Originally posted by: TheLonelyPhoenix
Okay, got out of the presentation about an hour ago, here's what I've got for you guys:
The choice to use Mac hardware was not the original plan. The first arrangement was actually with Dell, using Itanium2 processors. However, less than 24 hours before the computers were shipped, Michael Dell himself cut the cord on the project. Apparently Dell already had several offers on the table for large-scale high-performance supercomputing projects, and Virginia Tech was working on a budget of about 5 million; relatively little payoff for a supercomputer. Dell went ahead and worked with NCSA on their supercomputer. Guess what? They're now number 4 on the top 500 list

Ouch.
VT worked with a few other vendors, such as HP and IBM, but they kept coming back with higher numbers than VT wanted to spend; also, the Opteron processor could only do one floating point calculation per clock cycle, while the Itanium2 and G5 could do two per clock cycle. They researched doing 'white-box' custom builds as well, but the shipping dates on the components was way longer than VT wanted to spend.
And then came Apple.

They offered a shipment of dual-proc G5s in September, and VT jumped on it.
The switch to Xserves is ENTIRELY about ECC RAM. (I asked specifically after the presentation.) Although it is freeing up a lot of space (the computers will take up about a third of the area as they once did), the presenter clearly said that if the towers had supported ECC RAM, they would have stayed with them.
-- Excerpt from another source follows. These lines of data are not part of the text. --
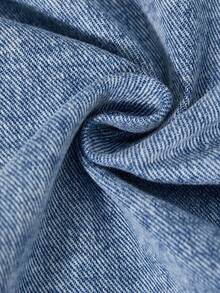 YOUNG BOYS 2-Piece Set: Zip-Up Denim Jacket With Elastic Hem & Cuffs Paired With Loose Cargo Pants, Fashionable Streetwear Style, Suitable For Spring/Summer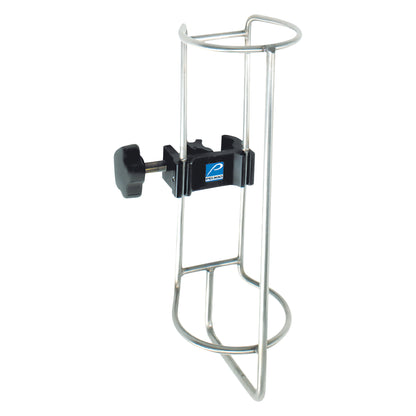 Stainless steel Oxygen Tank Holder for Pedigo Infusion Pump Stand with a black clamp for secure attachment.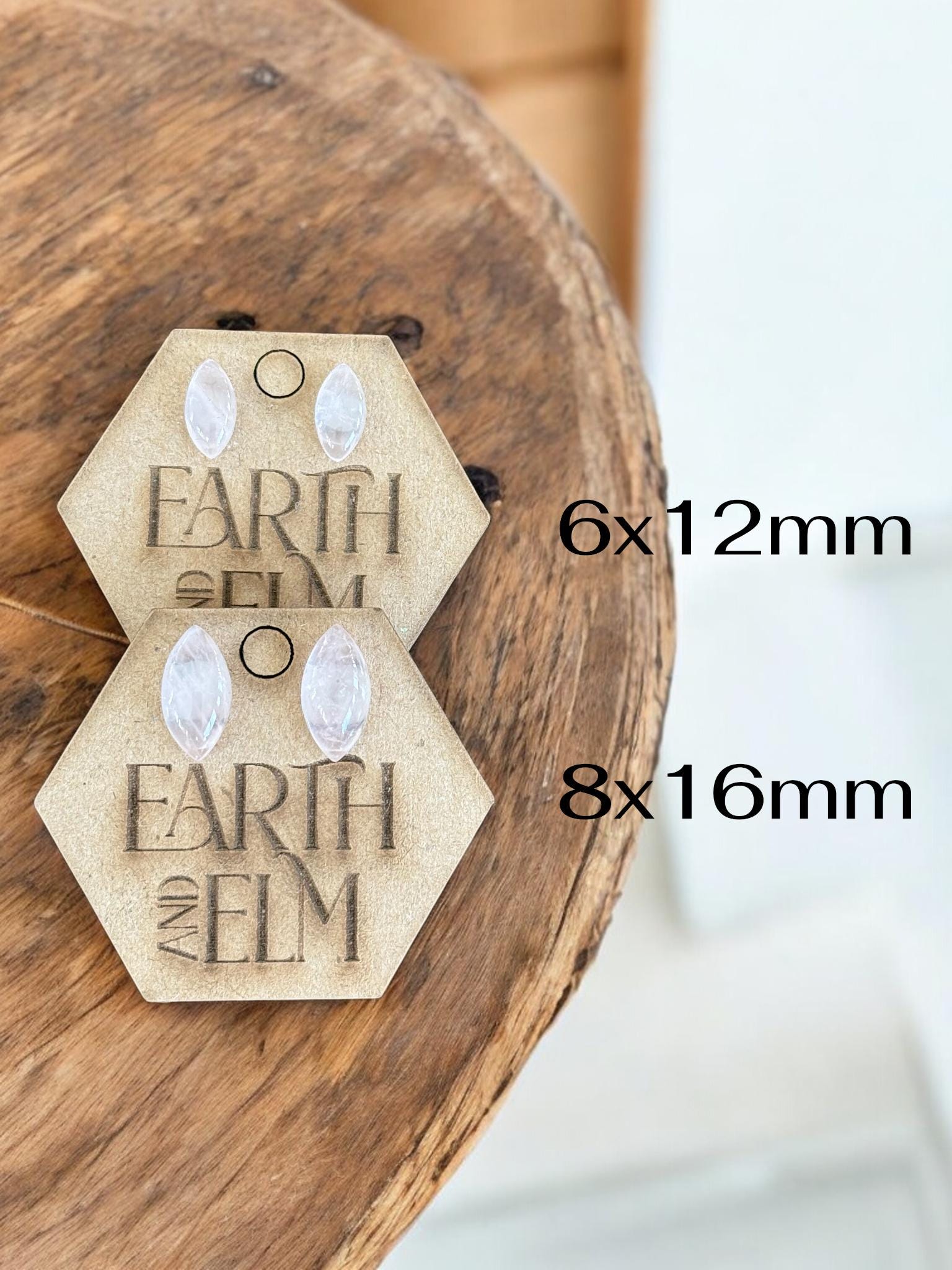 Rose Quartz Marquise Studs - earthandelm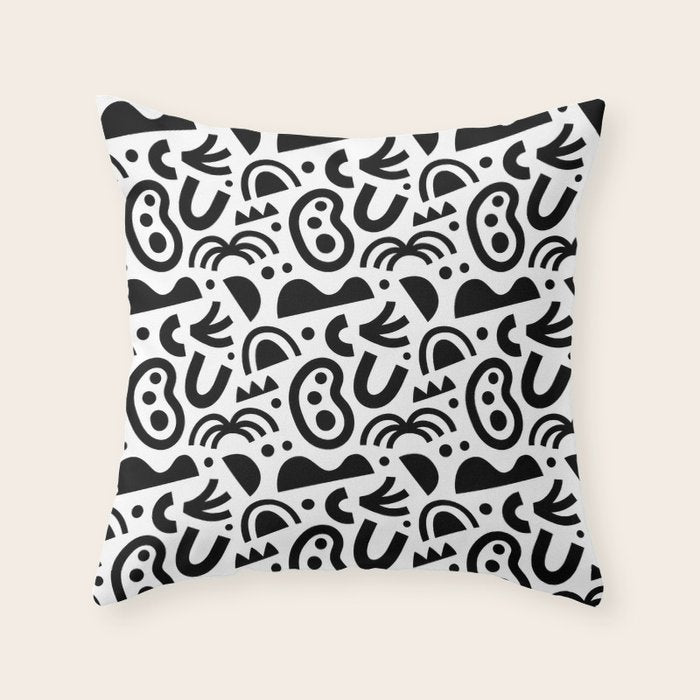 Black abstract organic shape art pattern Throw Pillow Gallery Image 6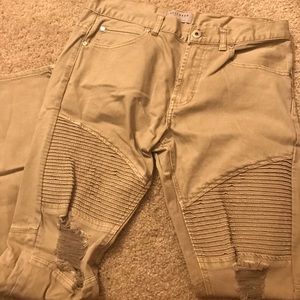 Khaki moto skinny pants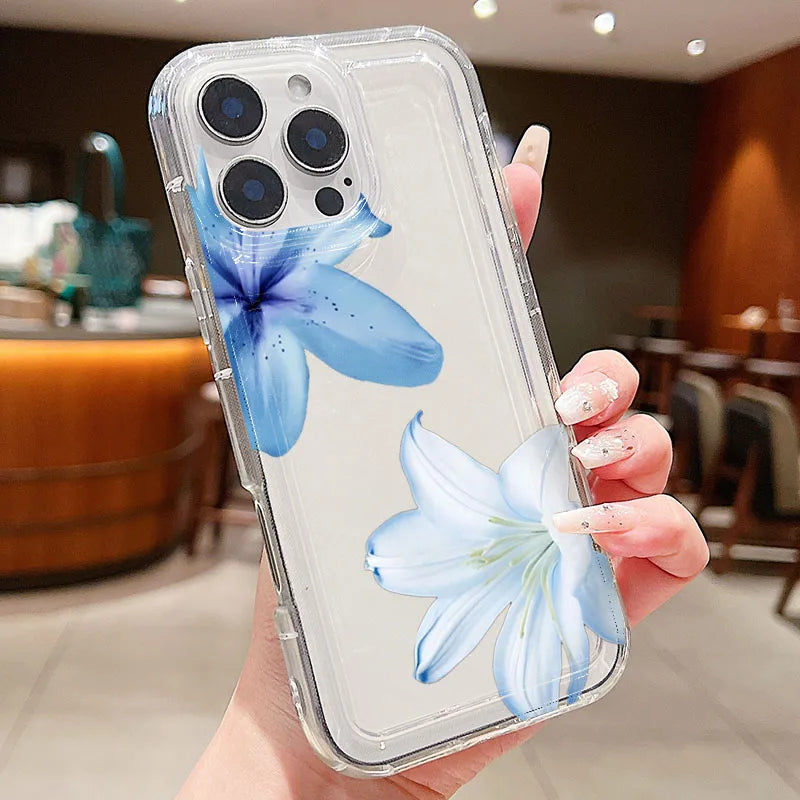 Flower Summer Blue Lily Clear Phone Case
Because the computer is slated for simulations and scientific computations requiring high-precision, there didn't seem to be much question about it. I did try to ask about the cost of the upgrade, but they wouldn't give me any specifics (legally tongue-tied).
Backup power consists of a 1.5 MW upgrade to the existing power infrastructure of the building and a backup system capable of giving them about 30 minutes of uptime (yes, minutes, not seconds). They also installed LOT of additional cooling to the building. A plan to install a diesel generator to supplement the backup system was also mentioned.
Software-wise, large portions of Mac OS X were revised to take it from a single-user OS to a high-performance cluster OS, through collaboration between Apple and VT.
Don't doubt the power of a Mac either.

A grad student was running a few simulators on the supercomputer as it was being torn down for the upgrade, and he got a performance boost in all of them over anything he'd run them on before (Itanium2 clusters, dual Xeon machines, etc.) One simulator ran 2.5x faster than he'd ever seen it go. Of course, Mac video hardware is lagging behind, as are the number of developers writing code to take advantage of G5 architecture as opposed to Pentium 4. But the potential is most definitely there.
I did note that they made no secret of the chances they took with this project. The fact that a project of this scale had never before been done with Mac hardware, combined with the fact the computers were some of the first G5s off the assembly line, made it a big risk. But, the payoff was huge, as you know.